Many experts say they do believe that making hydrogen
nuclei fuse in imploding bubbles is possible in
principle—and in this respect the bubble fusion
controversy is fundamentally different from the "cold
fusion" debate that embroiled the physics community in
1989. But those experts hasten to add that they are not
convinced Taleyarkhan actually achieved it. Their main
concern is whether Taleyarkhan's group has ruled out
possible sources of errors in the tricky business of
detecting the neutrons that are a characteristic fusion signature.
Taleyarkhan and his collaborators addressed this and
other criticism and reported continued progress in the
March 2004 issue of Physical Review E
and in the January 2006 issue of Physical Review
Letters, which are among the top journals in
their field. And in May a year ago, this magazine
published a description of their work for the general reader.

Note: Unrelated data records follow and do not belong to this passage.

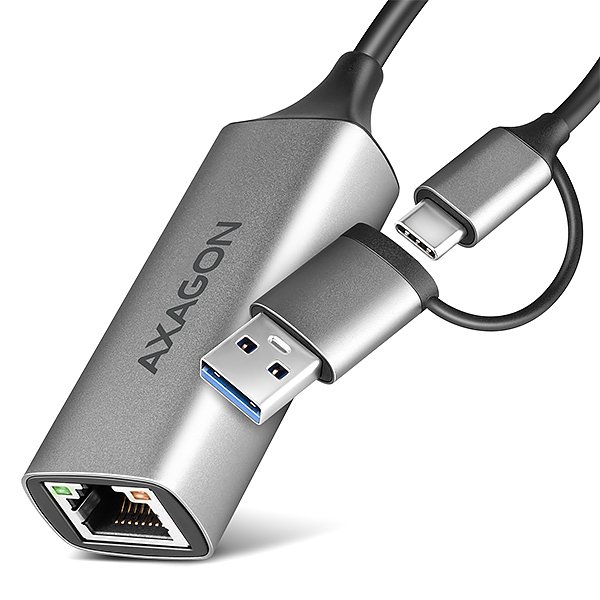AXAGON ADE-TXCA, USB-C + USB-A 3.2 Gen 1 - Gigabit Ethernet síťová karta, Asix AX88179, auto instal - obrázek produktu
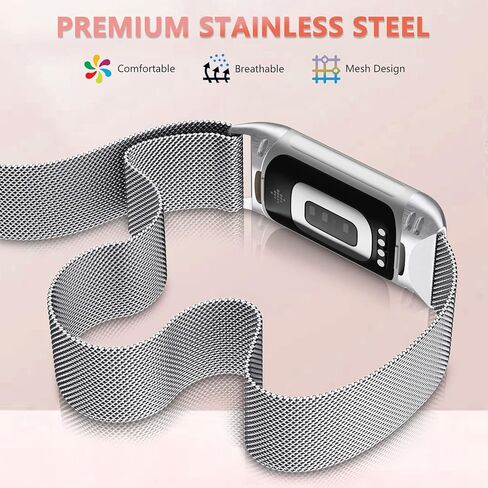 ZWGKKYGYH Compatible with Fitbit Charge 5 Bands for Women Men, Stainless Steel Charge 5 Metal Band Magnetic Mesh Watch Strap Replacement for Fitbit Charge 5 Advanced Fitness & Health Tracker in Kuwait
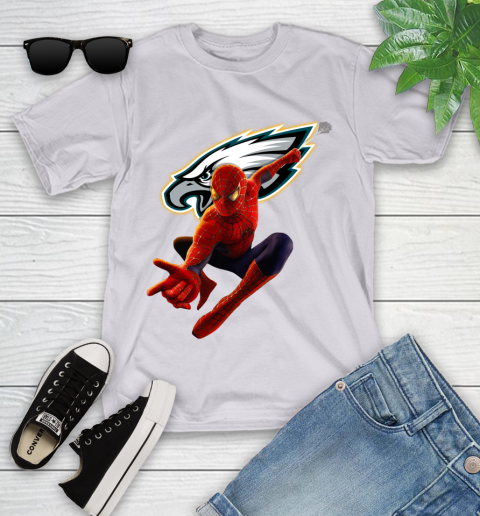 NFL Spider Man Avengers Endgame Football Philadelphia Eagles Youth T-Shirt 4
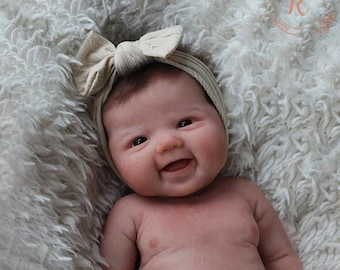 Muñeca bebé Reborn de silicona flexible y completamente suave con cara regordeta y extremidades articuladas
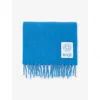 Maje Womens Blue Brand-patch Tassel Alpaca-blend Scarf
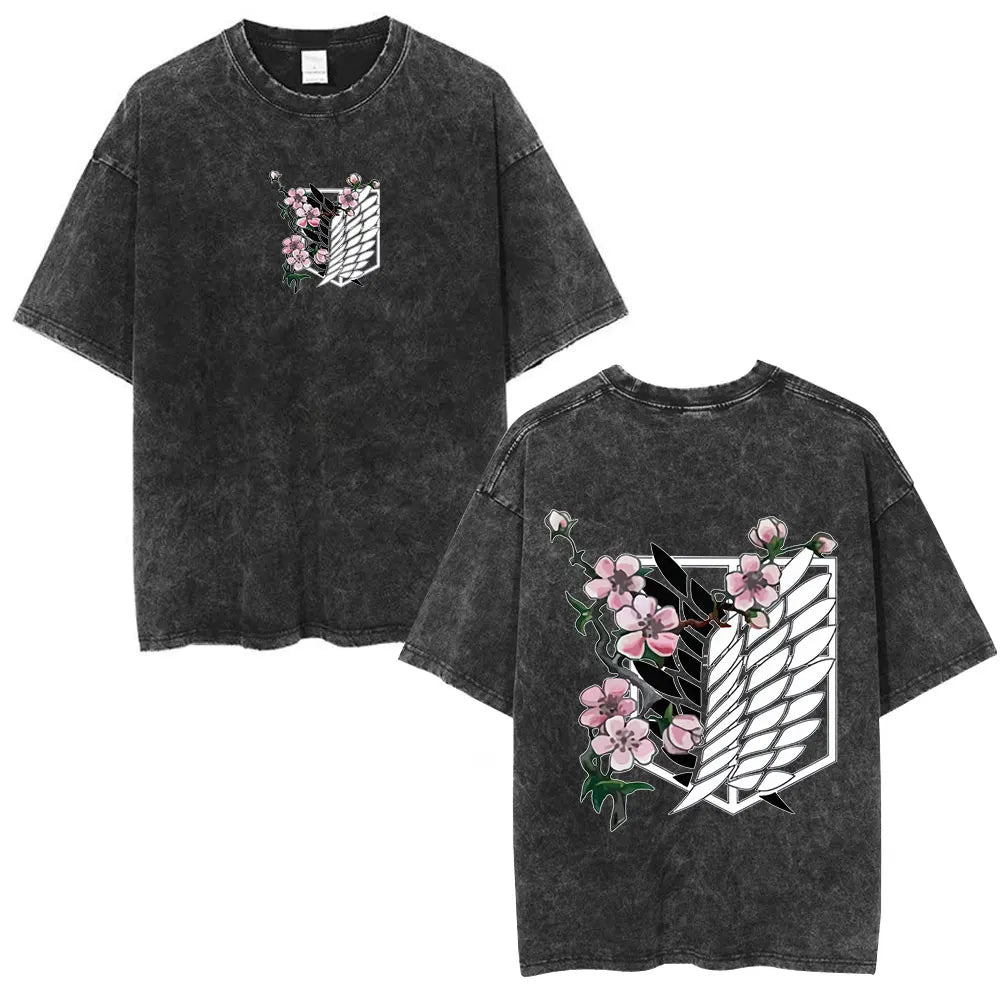 Vintage Washed Anime Attack on Titan Eren Jaeger T-shirt Men Women Fashion Short Sleeve T Shirts Cotton T-shirt Tops 2026 Summer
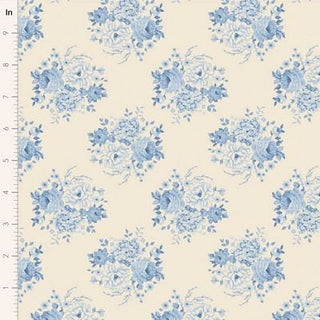 Tilda Sunday Brunch MIA BLUE TIL100597 by Fabric by Tilda: Cream premium quilting cotton with blue romantic florals and an inch ruler on the side—perfect for creating a vintage summerhouse vibe.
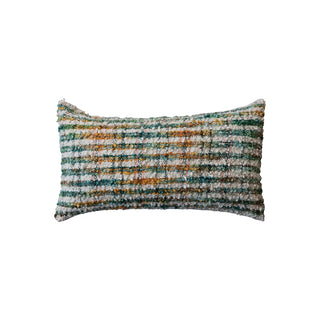 Bouclé Lumbar Pillow with Stripes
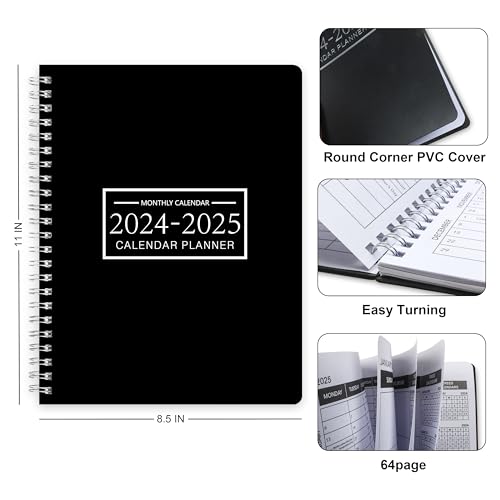 Diary 2024 - A4 Month Week to View Diary 2024, Monthly Planner, Jan.2024 - Dec.2025, Twin-wire Binding, Clear PVC Hardcover, 22 x 28cm, Black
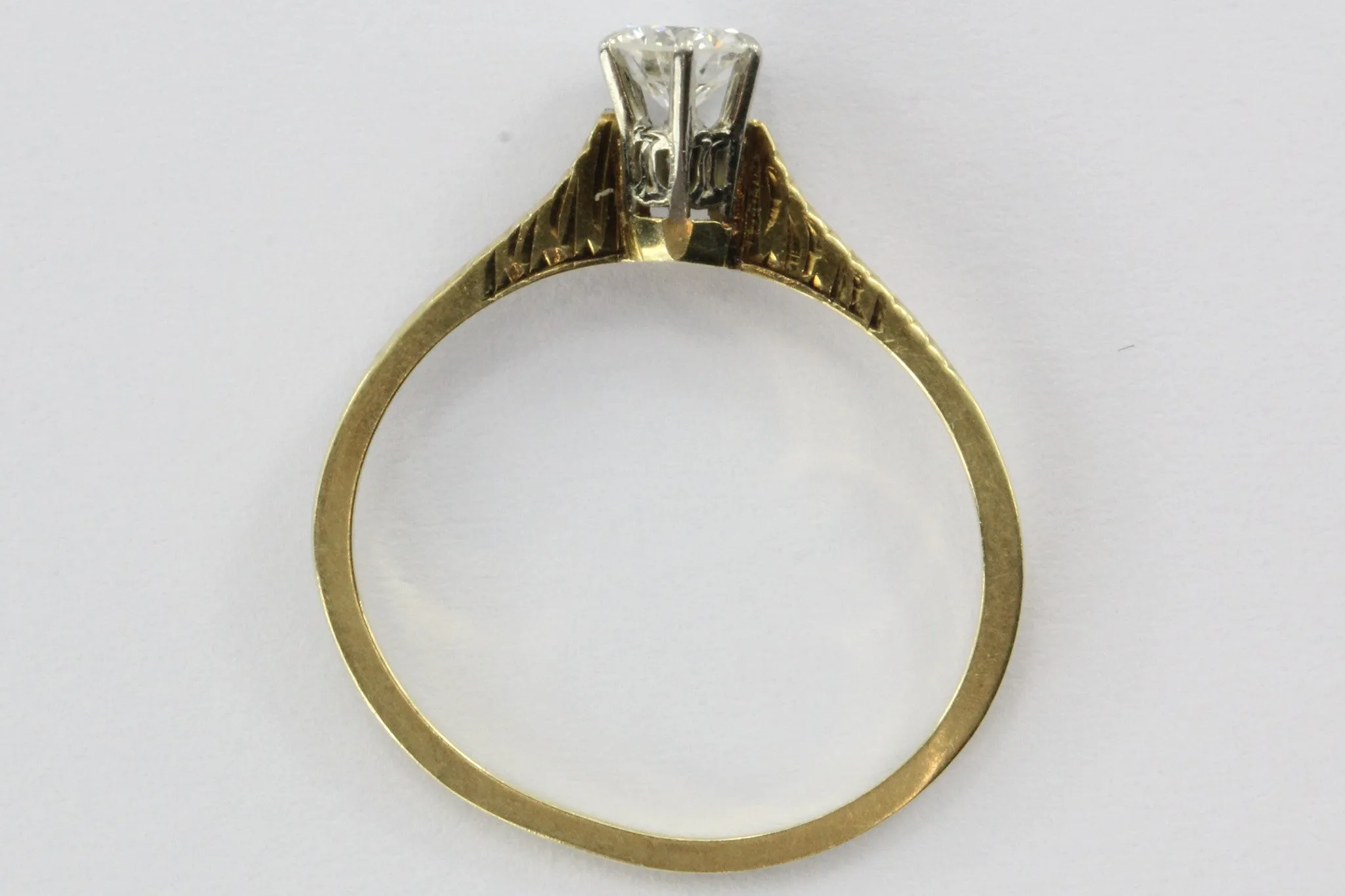 Antique Ostby & & Barton 14K Gold .32 Carat Diamond Engagement Ring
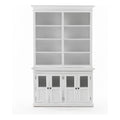 NovaSolo Hutch Unit with 4 Glass Doors Halifax Solid Wood in White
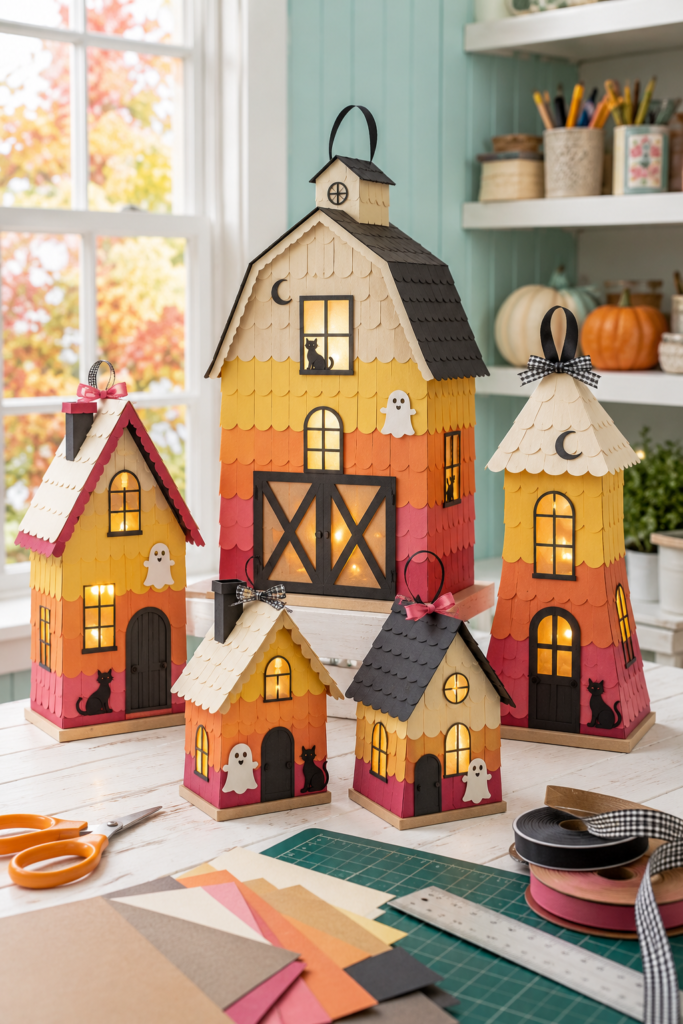 DIY Patchwork Candy-Corn Village Lanterns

But now controversy is bubbling again. This past
March, Purdue University, in West Lafayette, Ind.,
announced that it was initiating a formal review of the
bubble fusion research by Taleyarkhan, who is now a full
professor at the university. Purdue launched the review,
which will report its initial findings by 1 June, after
concerns about Taleyarkhan's work were brought to the
university's provost by other nuclear engineering
faculty members who were trying to replicate his
experiment and complained that he was uncooperative and
secretive.
Taleyarkhan told IEEE Spectrum that he was surprised
by the allegations, which he said had not been discussed
with him directly, and that he stands by his work.
Concerns
about Taleyar-khan's work at Purdue broke
into the open in early March with a report in Nature
magazine. According to that report, Lefteri Tsoukalas,
head of the nuclear engineering school at Purdue, along
with other faculty members, claimed that Taleyarkhan had
refused to provide raw experimental data, removed
equipment from a shared laboratory, and opposed
publication of negative results obtained in some of
their experiments.
To that, Taleyarkhan says that he was always willing
to help and that the results obtained were actually
positive, as reported by two Purdue graduate students
working with Tsoukalas in the May 2005 issue of
Nuclear
Engineering and Design. Taleyarkhan's
critics at Purdue, however, insist that he influenced
that work and therefore the results don't serve as
confirmation of bubble fusion.
Meanwhile, a group of researchers specifically funded
by the U.S. Defense Advanced Research Projects Agency
(DARPA) to reproduce Taleyarkhan's results saw no
evidence of fusion either. This effort, in which
Taleyarkhan also participated, took place mostly at the
laboratory of Seth Putterman, who also has been seeking
ways to achieve fusion in collapsing bubbles, at the
University of California, Los Angeles.
Though Taleyarkhan and his collaborators are able to
provide lucid accounts of how they believe they've
achieved bubble fusion, relying on accepted principles
of nuclear physics, skepticism centers on whether their
neutrons are truly fusion's telltale neutrons. One
problem immediately identified by critics was that
Taleyarkhan was using high-energy neutrons from an
external generator to initiate bubble formation in the
liquid: were the neutrons allegedly produced by fusion
actually left over from the neutron generator?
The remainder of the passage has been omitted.